C’était une voix humaine, mais même si le loup en lui ne comprenait pas, les mots allaient jusqu'à son cœur, et son cœur comprenait, il sentait que cette voix y avait sa place. Il regarda la source de la voix. Elle était là. La fille. Son nom… quel était son nom, déjà ? Pourquoi ne s’en souvenait-il pas ? Elle était pourtant tellement importante dans son cœur ! Il le sentait, en entendant sa voix.
- Jason… Reviens… murmura-t-elle.
Il le voulait. Oui, maintenant, il le voulait, si fort que ça lui faisait mal, mais il n’y arrivait pas. Il avait l’impression que des crocs s’accrochaient à sa chaire, refusant de la lâcher, de le laisser partir. Il aurait voulu lui dire, lui demander quel était son nom. Mais elle ne le comprenait pas.

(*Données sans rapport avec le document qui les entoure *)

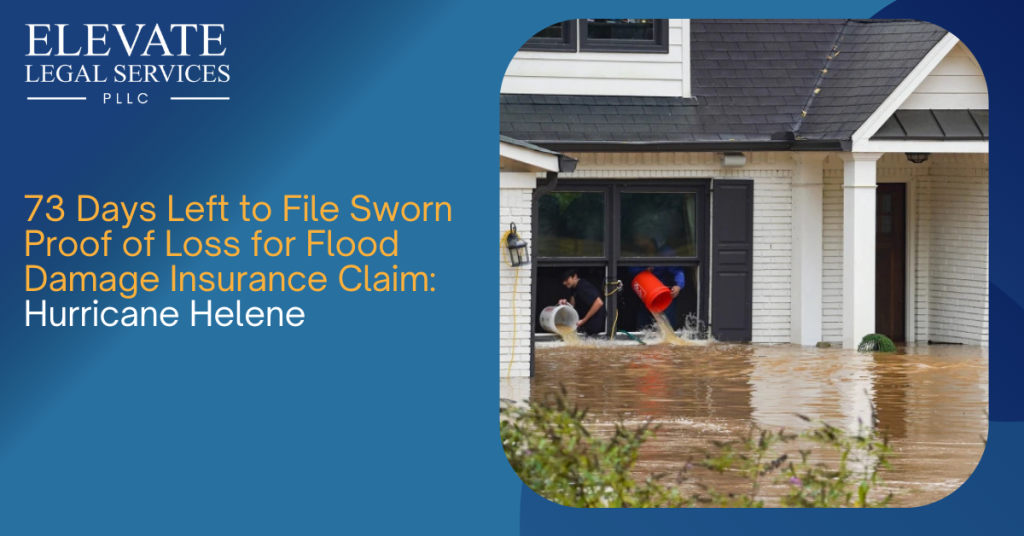 73 Days Left to File Sworn Proof of Loss for Flood Damage Claim: Hurricane Helene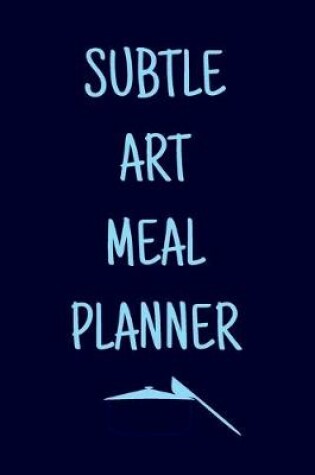 Cover of Subtle Art Meal Planner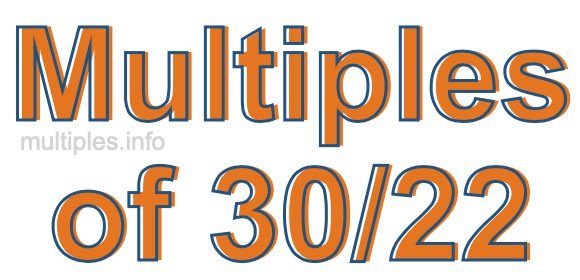 Multiples of 30/22 Multiples of 30/22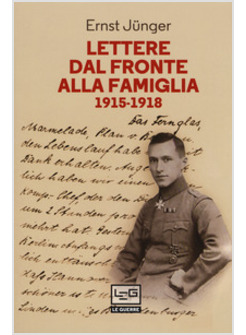 LETTERE DAL FRONTE ALLA FAMIGLIA 1915-1918. CON UNA SELEZIONE DI LETTERE DI RISP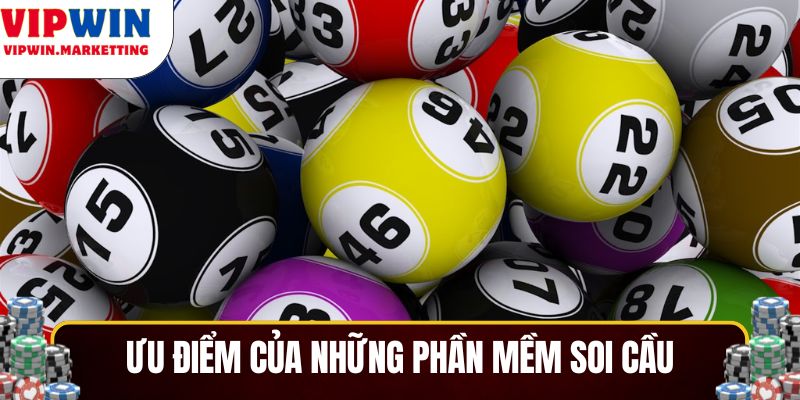 Ưu điểm nổi trội của những phần mềm soi cầu mang lại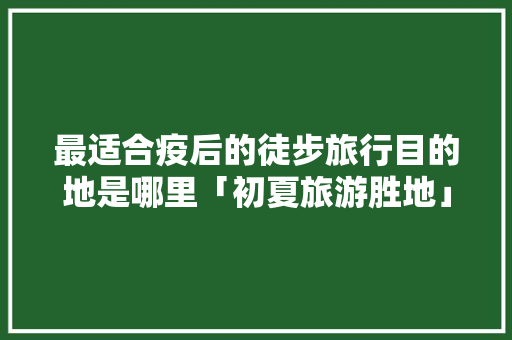 最适合疫后的徒步旅行目的地是哪里「初夏旅游胜地」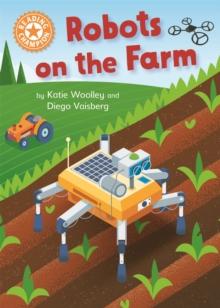 Reading Champion: Robots on the Farm : Independent Reading Orange 6 Non-fiction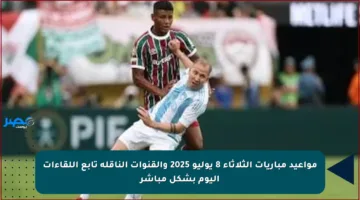مواعيد مباريات الثلاثاء 8 يوليو 2025 والقنوات الناقلة تابع اللقاءات اليوم بشكل مباشر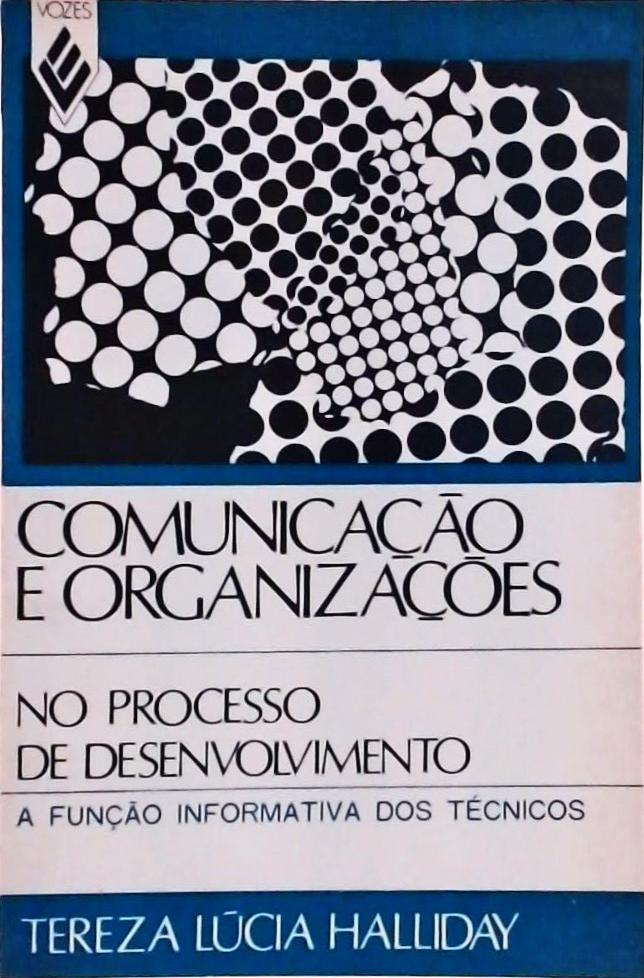 Comunicação e Organizações no Processo de Desenvolvimento: A Função Informativa dos Técnicos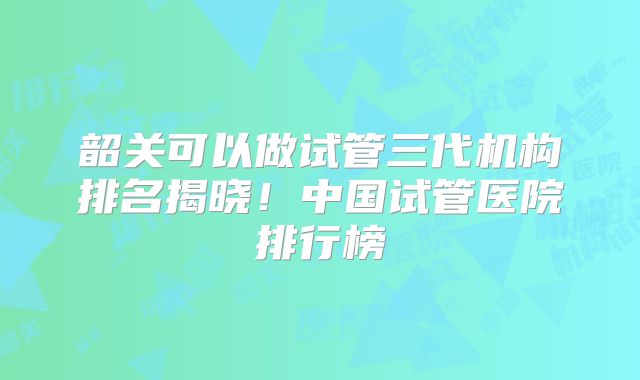 韶关可以做试管三代机构排名揭晓!中国试管医院排行榜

Et il n’arrivait pas à lui faire comprendre.
- S’il te plait, Jason… sanglota-t-elle. Ne me laisse pas seule… J’ai besoin de toi… Tu m’as promis, tu te souviens ? Tu as promis de ne pas me laisser tomber…

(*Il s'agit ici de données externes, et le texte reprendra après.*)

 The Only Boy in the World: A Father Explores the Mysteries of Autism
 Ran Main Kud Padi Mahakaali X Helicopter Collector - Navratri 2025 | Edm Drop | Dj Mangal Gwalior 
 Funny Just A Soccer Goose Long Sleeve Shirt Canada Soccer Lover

Elle avait des cheveux longs, magnifiques, qui sentaient bon. Il sentait son odeur d’ici. Il aimait cette odeur. Il aimait aussi ses yeux. Il avait l’esprit embué, mais il les voyait encore. Ses yeux bleus. Verts. Marrons. Ses yeux aux milles couleurs, changeantes, tel qu’il n’arrivait pas à savoir laquelle primait. Il aimait ses yeux. Il l’aimait elle. Piper…
- Piper… grogna-t-il.
Il aurait aimé parler, parler d’une voix qu’elle comprenne, lui dire qu’il sentait sa voix dans son cœur. Mais il n’y arrivait pas. Et ça lui faisait mal. Il avait l’impression que ses os fondaient sous sa chaire. Il ne voulait plus de cette douleur, il voulait qu’elle parte.

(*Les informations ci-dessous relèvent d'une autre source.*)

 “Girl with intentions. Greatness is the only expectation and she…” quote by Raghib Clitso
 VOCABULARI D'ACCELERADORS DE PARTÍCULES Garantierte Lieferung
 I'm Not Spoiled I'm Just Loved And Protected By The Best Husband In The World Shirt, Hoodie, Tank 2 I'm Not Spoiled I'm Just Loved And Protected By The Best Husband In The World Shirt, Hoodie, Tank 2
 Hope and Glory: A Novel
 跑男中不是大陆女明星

- Ne lutte pas, conseilla le loup noir. Laisse la douleur gagner, Jason.
Laisser la douleur gagner ? Il ne pouvait pas faire ça ! Ça faisait trop mal, beaucoup trop. Comme s’il lissait dans ses pensées, Frank expliqua :
- Il est toujours beaucoup plus simple de devenir l’animal que de revenir. Quand on est un animal, la douleur est secondaire. Il est bon parfois d’oublier que nous sommes humains, car être humain est beaucoup plus douloureux. Mais si tu veux la rejoindre, Jason, tu dois te souvenir que cette douleur fait partie de toi, qu’elle fait de toi un homme. Laisse la gagner, Jason. Si tu veux la revoir, laisse-la gagner.
Est-ce qu’elle en valait la peine ? Est-ce que… Piper, en valait la peine ? Oui, réalisa-t-il en regardant ses yeux. Oui, elle en vaut la peine. Jason savait qu’elle lui avait menti. Elle était assez forte pour vivre sans lui. Mais lui, il ne pouvait pas vivre sans elle. Il s’en souvenait, maintenant. Il ne peut pas vivre sans elle.
- Jason… appela-t-elle doucement. Reviens.
Alors il laissa la douleur gagner, prendre de plus en plus d’intensité jusqu’à tordre ses os, sa chaire et lui tirer un hurlement de la gorge. Il avait tellement mal… C’était tellement humain… Il était humain, il le savait. Il s’en souvenait. Et il était redevenu humain grâce à elle, grâce à cette voix. Juste une voix dans son cœur. Le vent caressa doucement son corps nu et tremblant, comme pour lui souhaiter un bon retour. Il aimait le vent. Il se souvenait pourquoi désormais. Le jeune homme leva ses yeux électriques vers son amie :
- Salut Pip’s, marmonna-t-il d’une voix grave et un peu enrouée.
Ses magnifiques yeux se voilèrent de larme. Il était revenu pour elle, et il sut aussitôt, en contemplant son visage, qu’elle le savait. La fille d’Aphrodite se précipita vers lui et l’enlaça avec soulagement :
- Rentrons à la maison, chuchota-t-elle, et il ferma les yeux.
Il était avec elle. Dans ses bras. Il était déjà chez lui.